▶ [ACTION ITEM] Only the lines from the one that contains "Presentatie Sinterklaasboeken van" through the end of the entries, both included, should be transcribed, exactly and without pictures.

Image-text web data
════════════════════
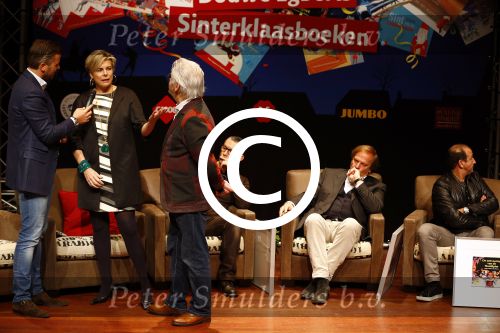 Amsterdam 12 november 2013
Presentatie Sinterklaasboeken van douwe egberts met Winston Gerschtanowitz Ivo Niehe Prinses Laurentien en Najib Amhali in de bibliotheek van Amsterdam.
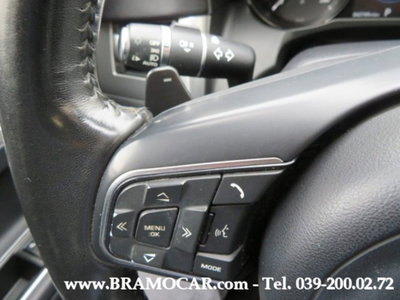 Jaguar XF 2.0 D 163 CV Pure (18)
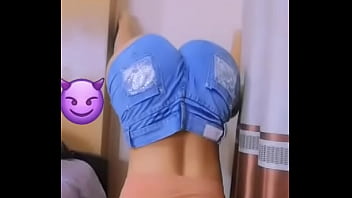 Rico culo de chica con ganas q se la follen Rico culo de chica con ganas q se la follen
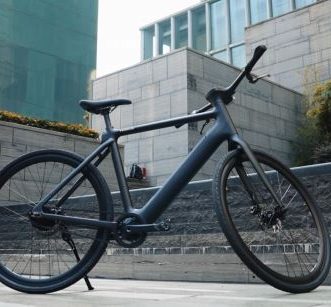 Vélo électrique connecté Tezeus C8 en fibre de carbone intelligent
════════════════════
▶ [RESPONSE BOX]
Presentatie Sinterklaasboeken van douwe egberts met Winston Gerschtanowitz Ivo Niehe Prinses Laurentien en Najib Amhali in de bibliotheek van Amsterdam.
 Jaguar XF 2.0 D 163 CV Pure (18)
 Rico culo de chica con ganas q se la follen Rico culo de chica con ganas q se la follen
 Vélo électrique connecté Tezeus C8 en fibre de carbone intelligent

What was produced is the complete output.